The Institute of Medicine weighed in on the importance of nursing input in its October 2010 report, “The Future of Nursing: Leading Change, Advancing Health.” According to the IOM, nursing is at a pivotal point.

“Nurses’ roles, responsibilities and education should change significantly to meet the increased demand for care that will be created by healthcare reform and to advance improvements in America’s increasingly complex health system,” the IOM announced after releasing its report.

Even as the largest healthcare profession, nursing’s voices often are silent or ignored, according to Vance.

“I believe our values and concerns should be heard to help our patients and our profession,” she said. “We have to decide whether we want to make our voices heard, [and have] input in the decision-making around our practice. Or, they’ll make these decisions without our input.”

Many nurses, like a number of Americans, think politics is a dirty word, according to Linda Parry-Carney, RN-BC, MA, education specialist at Hackensack (N.J.) University Medical Center.

Parry-Carney is a former president of the New Jersey State Nurses Association and the current chairwoman of the board for the New Jersey Collaborating Center for Nursing.

What nurses might not realize, she said, is they already are politicians, whether they’re negotiating with patients at the bedside, with employers, on hospital committees or as members of organizations.

Legislators don’t act alone. They make decisions based on what their constituents want, according to Parry-Carney.

“[As NJSNA president,] when I needed to talk to the Governor’s staff, an assemblyperson, senator or the commissioner of health, it wasn’t just me sitting in front of him,” she said. “He knew I represented the interests of all the people who were members of our organization, and, in fact, all nurses in New Jersey.”

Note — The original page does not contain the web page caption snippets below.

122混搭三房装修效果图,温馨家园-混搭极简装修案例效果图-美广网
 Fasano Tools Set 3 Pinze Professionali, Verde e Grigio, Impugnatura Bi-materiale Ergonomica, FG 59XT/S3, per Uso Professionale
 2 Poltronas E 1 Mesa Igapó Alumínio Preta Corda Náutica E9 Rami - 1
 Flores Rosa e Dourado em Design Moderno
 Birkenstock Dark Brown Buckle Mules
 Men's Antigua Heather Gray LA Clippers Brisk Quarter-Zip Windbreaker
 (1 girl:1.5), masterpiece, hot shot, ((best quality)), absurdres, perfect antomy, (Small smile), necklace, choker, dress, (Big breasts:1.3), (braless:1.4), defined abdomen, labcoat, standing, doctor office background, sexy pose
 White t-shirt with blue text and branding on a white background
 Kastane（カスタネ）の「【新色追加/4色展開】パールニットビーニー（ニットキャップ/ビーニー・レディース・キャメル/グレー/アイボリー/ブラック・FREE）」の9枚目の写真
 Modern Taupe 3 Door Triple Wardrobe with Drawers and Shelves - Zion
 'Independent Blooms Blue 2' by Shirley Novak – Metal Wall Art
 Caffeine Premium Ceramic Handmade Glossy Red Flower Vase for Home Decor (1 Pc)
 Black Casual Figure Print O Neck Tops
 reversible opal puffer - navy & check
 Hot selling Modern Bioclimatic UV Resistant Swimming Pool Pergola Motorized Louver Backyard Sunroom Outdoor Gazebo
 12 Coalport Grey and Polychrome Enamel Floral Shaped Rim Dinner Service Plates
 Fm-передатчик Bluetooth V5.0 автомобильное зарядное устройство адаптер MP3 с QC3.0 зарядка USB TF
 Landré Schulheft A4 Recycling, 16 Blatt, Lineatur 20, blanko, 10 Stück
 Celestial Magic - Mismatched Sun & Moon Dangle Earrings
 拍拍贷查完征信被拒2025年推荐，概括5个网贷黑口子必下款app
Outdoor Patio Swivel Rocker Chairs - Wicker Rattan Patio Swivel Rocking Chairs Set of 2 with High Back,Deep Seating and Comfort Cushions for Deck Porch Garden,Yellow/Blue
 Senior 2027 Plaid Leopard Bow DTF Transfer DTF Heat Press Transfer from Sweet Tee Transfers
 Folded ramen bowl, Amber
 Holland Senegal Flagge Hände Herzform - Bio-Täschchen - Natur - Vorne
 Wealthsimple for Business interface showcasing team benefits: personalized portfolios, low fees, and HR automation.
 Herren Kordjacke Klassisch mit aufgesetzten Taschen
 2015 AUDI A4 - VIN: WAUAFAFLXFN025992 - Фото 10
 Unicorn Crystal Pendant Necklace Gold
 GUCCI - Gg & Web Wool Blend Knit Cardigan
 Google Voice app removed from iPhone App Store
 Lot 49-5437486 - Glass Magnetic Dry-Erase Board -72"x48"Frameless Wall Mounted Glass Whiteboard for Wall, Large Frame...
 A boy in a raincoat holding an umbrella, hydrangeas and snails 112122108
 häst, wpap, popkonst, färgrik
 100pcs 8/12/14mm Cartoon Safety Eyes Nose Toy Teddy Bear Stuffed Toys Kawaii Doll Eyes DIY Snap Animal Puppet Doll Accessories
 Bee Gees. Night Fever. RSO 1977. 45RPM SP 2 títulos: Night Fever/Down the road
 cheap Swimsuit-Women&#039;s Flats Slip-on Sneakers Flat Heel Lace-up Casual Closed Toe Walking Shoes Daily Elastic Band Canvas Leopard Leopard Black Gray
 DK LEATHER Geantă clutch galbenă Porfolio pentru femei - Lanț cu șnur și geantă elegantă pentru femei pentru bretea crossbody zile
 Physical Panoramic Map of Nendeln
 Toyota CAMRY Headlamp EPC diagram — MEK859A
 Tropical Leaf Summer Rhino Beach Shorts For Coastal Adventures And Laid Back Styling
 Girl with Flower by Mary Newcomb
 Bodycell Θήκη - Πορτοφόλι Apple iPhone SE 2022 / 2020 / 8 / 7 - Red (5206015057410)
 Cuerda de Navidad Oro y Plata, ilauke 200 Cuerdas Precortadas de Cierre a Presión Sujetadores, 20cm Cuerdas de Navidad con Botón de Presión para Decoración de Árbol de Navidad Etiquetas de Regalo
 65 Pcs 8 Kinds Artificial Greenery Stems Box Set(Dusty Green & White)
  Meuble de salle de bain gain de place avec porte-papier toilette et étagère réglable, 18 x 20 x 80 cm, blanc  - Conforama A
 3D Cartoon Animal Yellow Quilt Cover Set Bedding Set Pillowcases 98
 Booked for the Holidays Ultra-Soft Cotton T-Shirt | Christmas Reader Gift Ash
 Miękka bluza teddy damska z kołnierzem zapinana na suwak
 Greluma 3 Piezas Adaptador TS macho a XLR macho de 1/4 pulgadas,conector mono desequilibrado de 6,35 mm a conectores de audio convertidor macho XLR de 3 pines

One nurse sharing his or her perspective helps formulate strategies that groups use in an effort to influence policy and make changes.

“Every nurse should be a ‘political’ nurse because we are such a caring, large constituency for people,” Vance said. “We are important to society. We’re important to people. So we have to take our practice beyond the bedside, beyond the school, beyond our research, and set it in a larger way into community involvement, which means being an activist, being a volunteer, being an informed citizen.”